Out of the box questioning_authority supports:

  • CrossRef
    • funders
    • journals
  • GeoNames
  • Getty
    • aat
    • tgn
    • ulan
  • Library of Congress
    • actionsGranted
    • agentType
    • childrensSubjects
    • classification
    • countries
    • ethnographicTerms
    • genreForms
    • geographicAreas
    • graphicMaterials
    • iso639-1
    • iso639-2
    • iso639-5
    • languages
    • names
    • organizations
    • performanceMediums
    • preservation
    • relators
    • subjects
  • MeSH
  • OCLC FAST
  • OCLC TS
  • TGN languages

To extend that list with another source, follow the instructions on the questioning_authority readme.

update records/edit_fields partial

The following instructions are for setting up an autocomplete text input for fields. For fields with <= 15 terms, a <select> style input may be preferable. See below for a guide.

For the most part, the same partial will be used for any of the below types of inputs. This looks like:

<%# app/views/records/edit_fields/_your_field.html.erb %>
<%=
  f.input key,
  as: :input_type
  input_html: {
    class: 'form-control',
    data: {
      'autocomplete-url' => '/authorities/search/<name>',
      'autocomplete' => key,
    },
  },
  wrapper_html: {
    data: {
      'autocomplete-url' => '/authorities/search/<name>',
      'field-name' => key
    }
  },
  required: f.object.required?(key)
%>

The options for as: are as follows

key uses
:controlled_vocabulary for vocabularies that return RDF URIs as ids
:local_controlled_vocabulary for local vocabularies whose id differs from the labels
:multi_value for plain text values that need a simple autocomplete

:controlled_vocabulary

These inputs are handy for external vocabularies whose id values are RDF URIs. An example payload from this kind of endpoint would look like:

[
  {
    "id": "http://id.loc.gov/vocabulary/languages/fre",
    "label": "French"
  }
]

To use this input, you'll need to do some setup on the WorkModel:

  1. give the property a class_name that knows how to produce a Solr-izable label.
  2. call the method to allow ActiveFedora::Base to handle nested attributes for the property
# app/models/work.rb
class Work < ActiveFedora::Base
  # ...
  # 1)
  property :keyword, predicate: 'http://some/uri',
                     class_name: Spot::ControlledVocabularies::Base do |index|
    index.as :symbol
  end

  # ...
  # 2)
  id_blank = proc { |attributes| attributes[:id].blank? }
  accepts_nested_attributes_for :keyword, reject_if: id_blank, allow_destroy: true
end

Spot::ControlledVocabularies::Base chooses the first @en label among the following properties:

  • RDF::Vocab::SKOS.prefLabel
  • RDF::Vocab::DC.title
  • RDF::RDFS.label
  • RDF::Vocab::SKOS.altLabel
  • RDF::Vocab::SKOS.hiddenLabel
  • RDF::Vocab::GEONAMES.name

This label is then cached in the application database as an RdfLabel, which should help prevent multiple trips to fetch the same label. Because this is a plain-ol' ActiveRecord::Base object with timestamps, you can pretty easily clear out old items:

RdfLabel.where('created_at < ?', 30.days.ago).destroy_all

and the next time an item is indexed, it will fetch the label from the source.
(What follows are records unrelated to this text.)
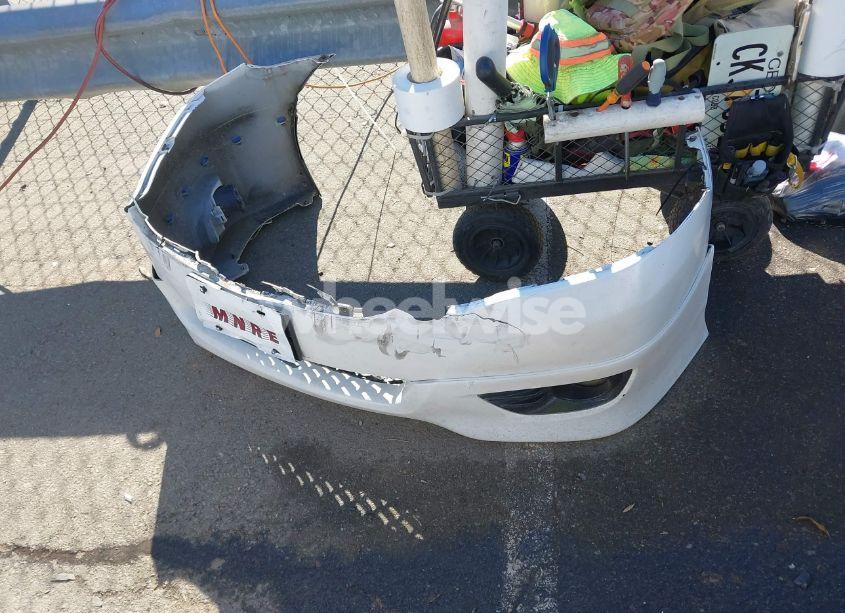 Photo 12 of 2010 Toyota Camry SE (VIN 4T1BF3EK1AU515310)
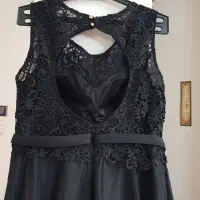 لباس مجلسی شیک|لباس|تهران, بروجردی|دیوار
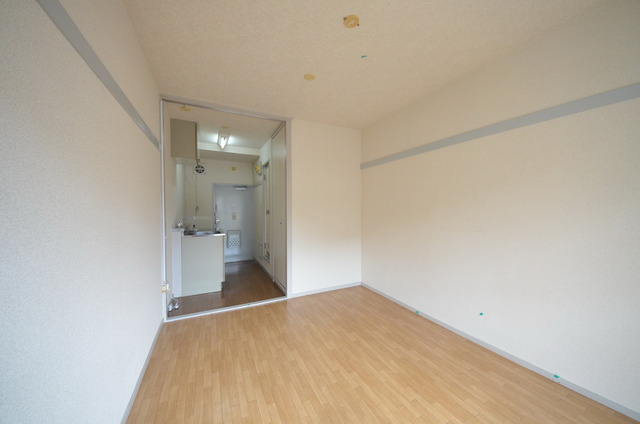 その他部屋・スペース　～別号室の写真です。ご参考になさってください～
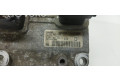 Řídící jednotka 0261207490   Fiat Palio 2002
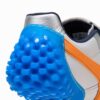FENTY x PUMA Avanti LS-X Damskie trampki FENTY x PUMA Avanti LS-X Damskie trampki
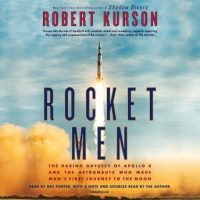 rocket-men-the-daring-odyssey-of-apollo-8-and-the-astronauts-who-made-mans-first-journey-to-the-moon.jpg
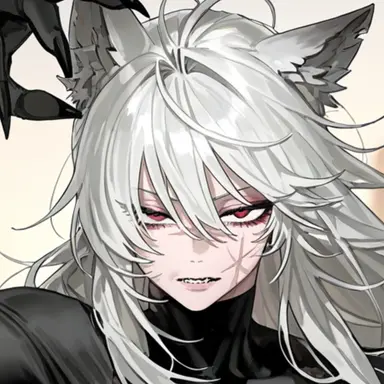 Profile image of 카리온
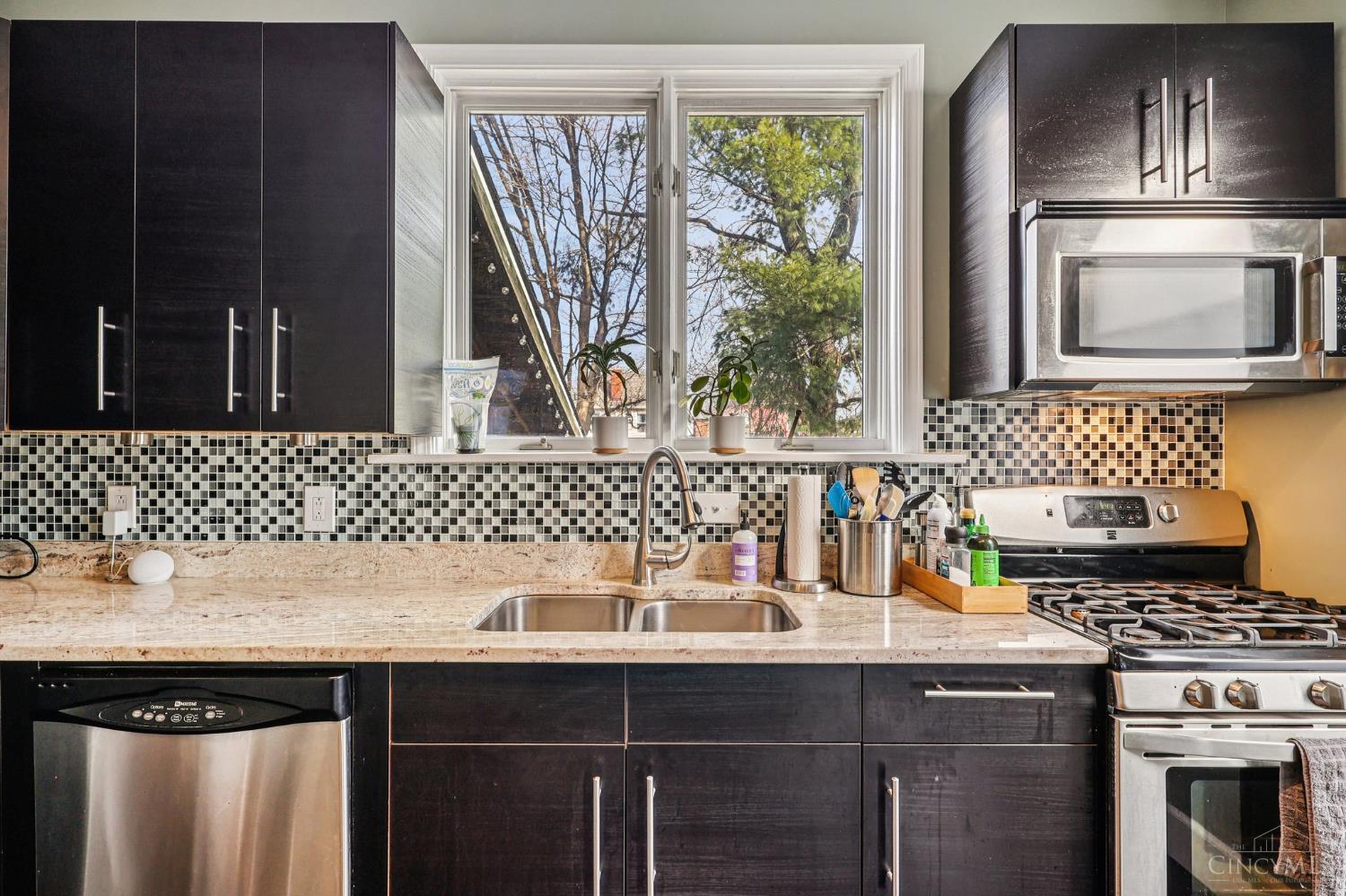 3744 Isabella Avenue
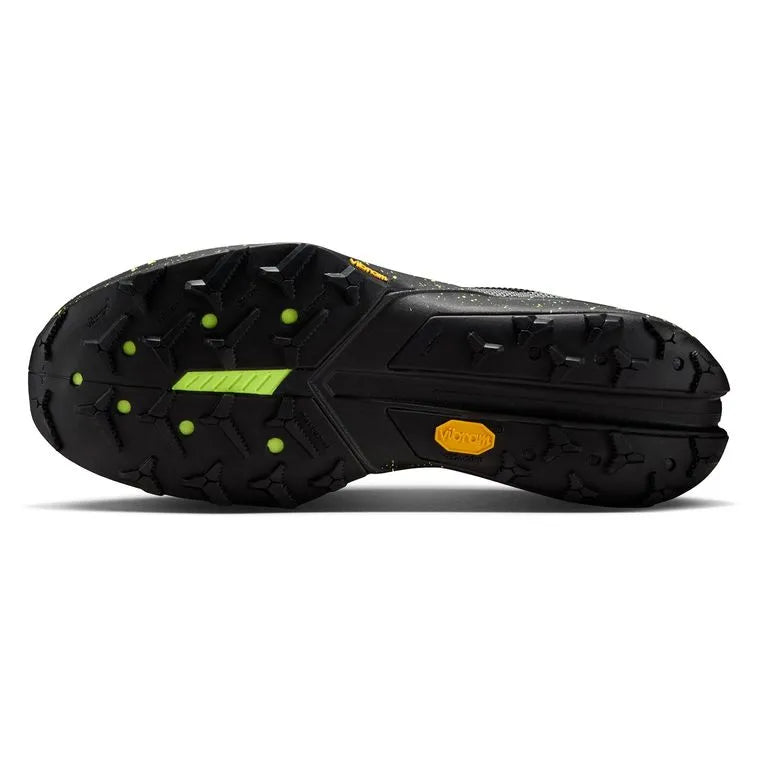 Kiger 10 Trail Running Shoes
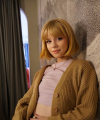 profile of Russian mail order brides Arina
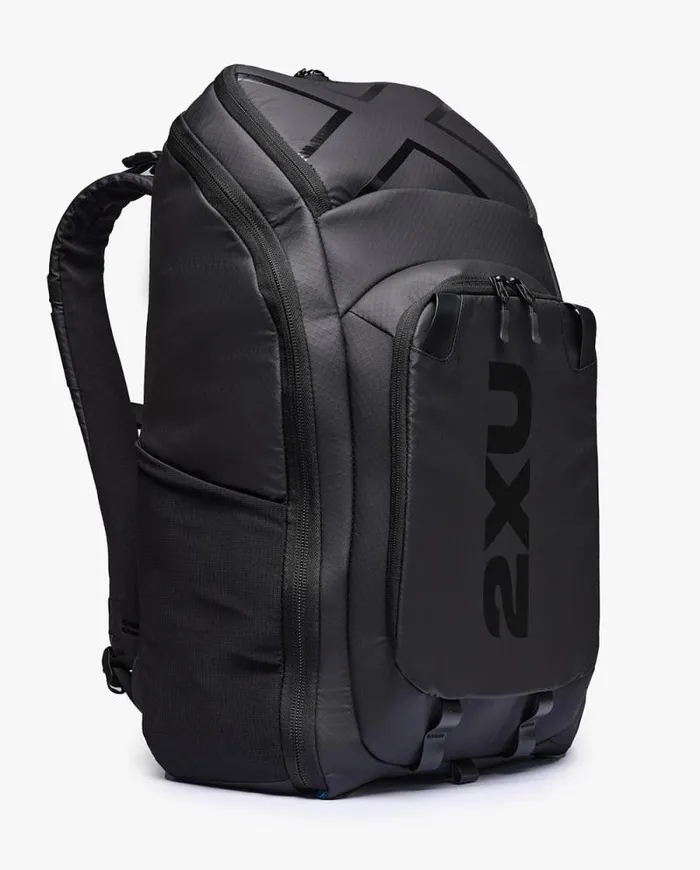Bags Accessories 2XU Transition Backpack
:local_controlled_vocabulary

This type of input was created for locally controlled authorities (see: yaml-based qa ones) whose values are not the same as their labels. The practical example is the one this was designed to handle: storing ISO639-1 2-character values for language, but displaying the full-string label. ("en" => "English")

To add handling for this, you'll need to:

  1. update the form to expect this property to have nested_attributes
  2. tell the indexer how to translate the value to a label (optional)
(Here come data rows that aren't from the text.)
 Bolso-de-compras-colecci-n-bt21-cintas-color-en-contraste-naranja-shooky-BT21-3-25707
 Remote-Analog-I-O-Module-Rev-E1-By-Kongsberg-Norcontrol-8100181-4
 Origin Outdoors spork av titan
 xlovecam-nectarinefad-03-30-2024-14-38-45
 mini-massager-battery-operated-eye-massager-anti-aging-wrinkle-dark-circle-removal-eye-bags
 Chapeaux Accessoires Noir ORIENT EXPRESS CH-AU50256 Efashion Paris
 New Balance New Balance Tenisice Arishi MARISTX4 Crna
To update the form, add the field name + '_attributes' to the .build_permitted_params method and add the field to the .transform_nested_fields! method call within .model_attributes:

class WorkForm < Hyrax::Forms::WorkForm
  # ...
  class < self
    def build_permitted_params
      super.tap do |params|
        params << { keyword_attributes: [:id, :_destroy] }
      end
    end

    def model_attributes(form_params)
      super.tap do |params|
        transform_nested_fields!(params, :keyword)
      end
    end
  end
end

If the value you're getting back is the same as the value you're storing, then you're all set at this point. If you need to translate the value back to the label for the indexer, you'll need to define a method to do that. Usually this method will just call a local service built for that purpose. See language label indexing and our local iso639-1 service for examples.

:multi_value

As the three types go, :multi_value inputs require the least amount of setup. Simply create a QA endpoint, add the URL to the partial (it'll look like /authorities/local/search/<name>) and you're all set. This is good for inputs where we want to suggest terms but not exactly require them (ex. keywords). It's also very useful for vocabularies whose values are the same as the labels we want to use.
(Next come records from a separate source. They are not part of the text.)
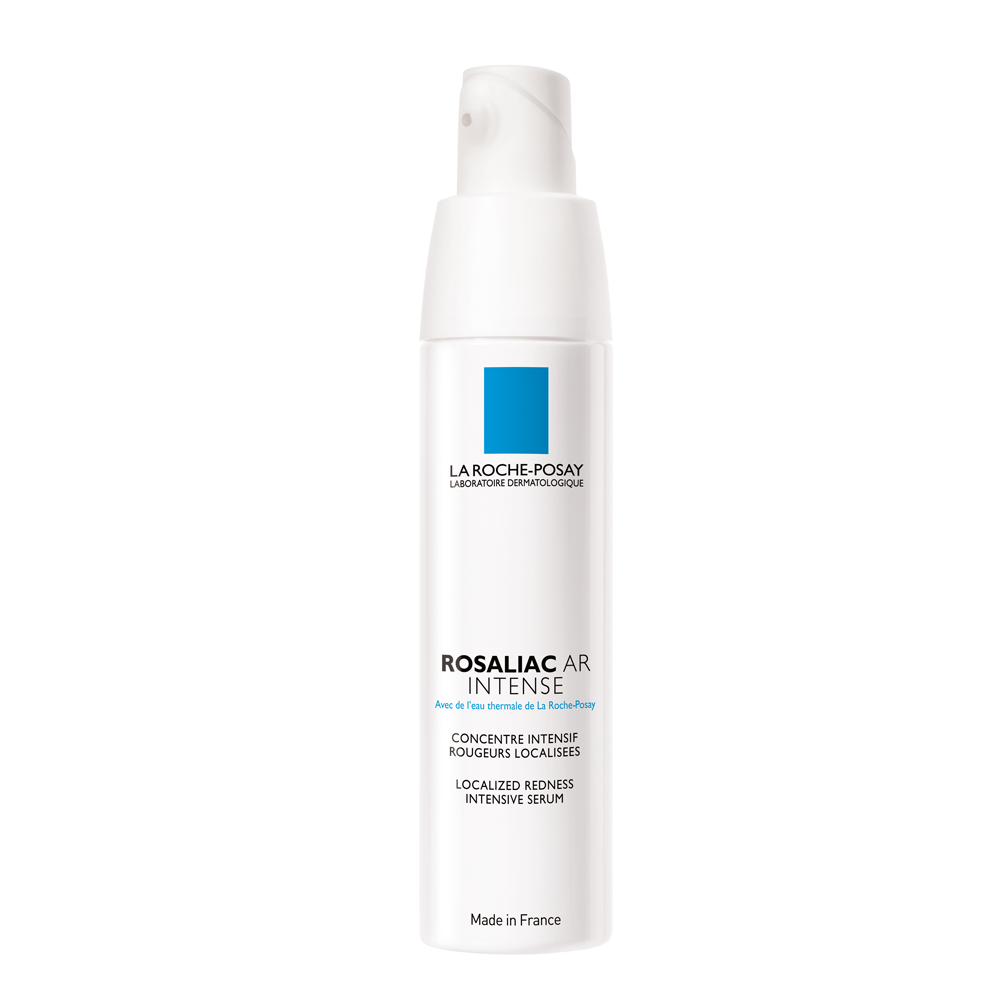 La Roche Posay Rosaliac AR Intense Serum Προσώπου για Ακμή 40ml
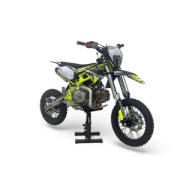 Berreta Inny Cross Berreta EGL 125CC Benzyna 14KM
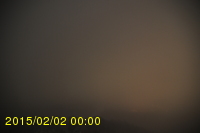 Img20150202_000027.jpg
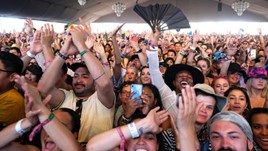 The Best Ways to Experience Music Across the USA 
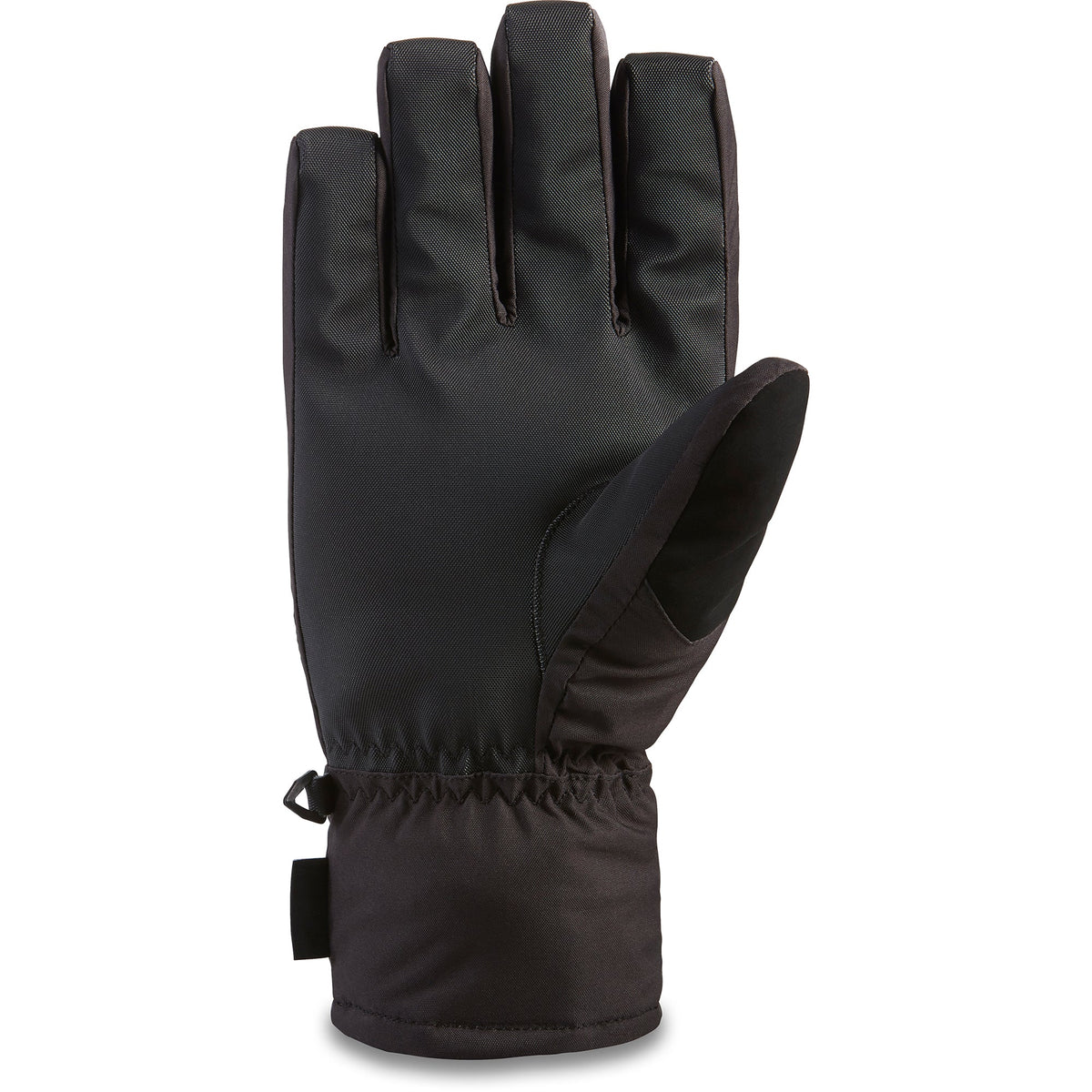 2027 Dakine Scout Short Gloves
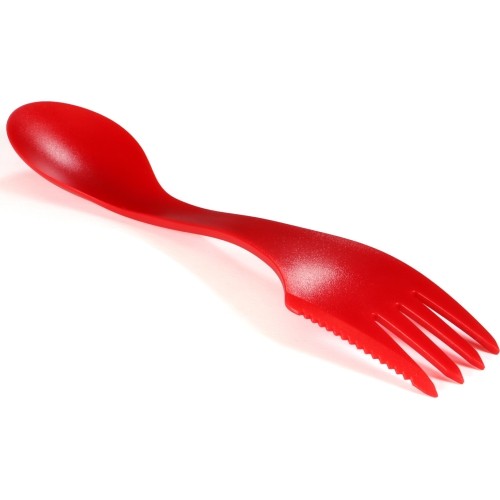 Origin Outdoors Spork 'Multi'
update hyrax/autocomplete.es6

The default for the autocomplete widgets is to use the jquery-ui autocomplete, which presents as a text input that adds a simple dropdown. Personally, I prefer the look of the Select2 input that is only used for based_near in Hyrax out of the box. :controlled_vocabulary and :local_controlled_vocabulary inputs are built specifically for this layout, so this step is important for those.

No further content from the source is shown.